More than anything, the family, as Mexican immigrants, identified with Bishop-elect Williams because “he speaks our language,” Torres said. “He has welcomed us as a family, as the immigrants we are.” Sometimes, immigrants forget about God because they are so busy working, he said. But thanks to his pastor’s outreach and ministry, Torres said, his whole family has been saved. As a great evangelizer, the bishop-elect has “rescued” many Latino families, he said.

In 2018, Archbishop Bernard Hebda appointed Bishop-elect Williams the archdiocese’s vicar for Latino Ministry, where he oversees Latino ministry planning with the ministry’s director.

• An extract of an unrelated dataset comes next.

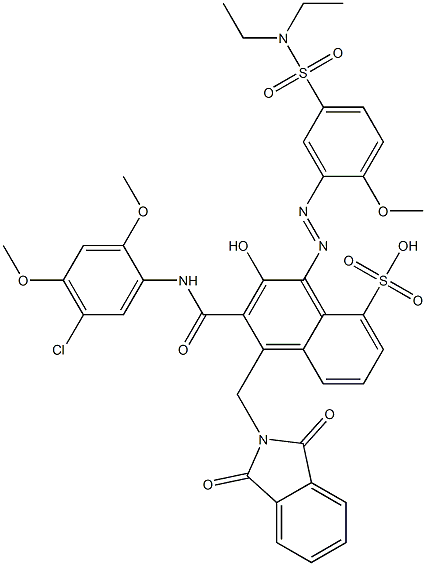 3-[(5-Chloro-2,4-dimethoxyphenyl)aminocarbonyl]-1-[5-[(diethylamino)sulfonyl]-2-methoxyphenylazo]-2-hydroxy-4-(phthalimidylmethyl)naphthalene-8-sulfonic acid 结构式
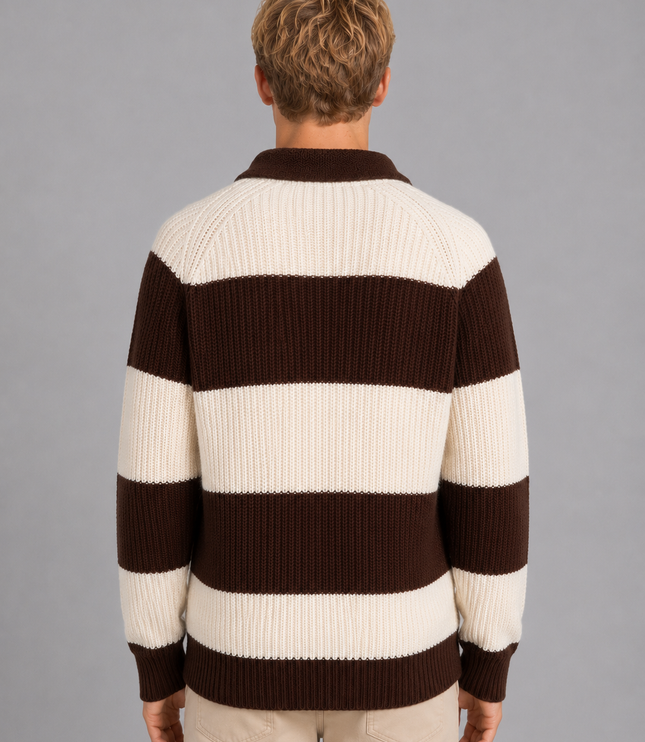 Men's Striped Knitted Jumper with Polo Collar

He also participates quarterly with priests and coordinators at parishes with Latino ministry programs and represents Archbishop Bernard Hebda in related projects and events. More than 20 parishes in the archdiocese offer sacraments, catechesis and spiritual support to thousands of Spanish-speaking parishioners.

As vicar, Bishop-elect Williams “accompanied the other priests in the ups and downs of being a pastor who serves the Latino community,” said Estela Villagrán Manancero, archdiocesan director of Latino Ministry. “They know they can reach out to him,” she said, including for guidance on issues that might arise at a parish.

Villagrán Manancero also praised “the great job” Bishop-elect Williams has done evangelizing and drawing people to St. Stephen, and offering sacraments to Latino families. “He invites (priests) to do as he did at St. Stephen, to grow the community,” she said. He has patience, strong focus on keeping Latino youth in the Church, developing and trusting ministry leaders and “accompanying people who are suffering.”

“I think it’s a plus that we will have someone (as auxiliary bishop) that has served the (Latino) community,” Villagrán Manancero said. “He knows what it takes. He can make important decisions for the community and it’s an opportunity for him to actually lift up the community” on justice issues, she said, including helping legislators understand the reality of the community, such as those who are undocumented.

During a press conference Dec. 10, the day he was announced as the next auxiliary bishop for the archdiocese, Bishop-elect Williams said he could not thank God more for when he became vicar. “One of the great gifts of my priesthood is the Latino people,” he said.

Bishop-elect Williams will carry his love for the Latino people close to him in his ministry as bishop, including symbolically. In addition to a shamrock representing the Holy Trinity on his crozier, he will have a rose representing the Latino people, whom he sees like flowers blooming in Minnesota’s cold winters, still flourishing in the faith, he said.

“It’s beautiful to see the shamrock almost arched over the single rose in a sign of blessing, of protection,” he told The Catholic Spirit in a Jan. 7 interview. “And, God willing, with my staff, I can continue that work of the Trinity amongst the Latino people.”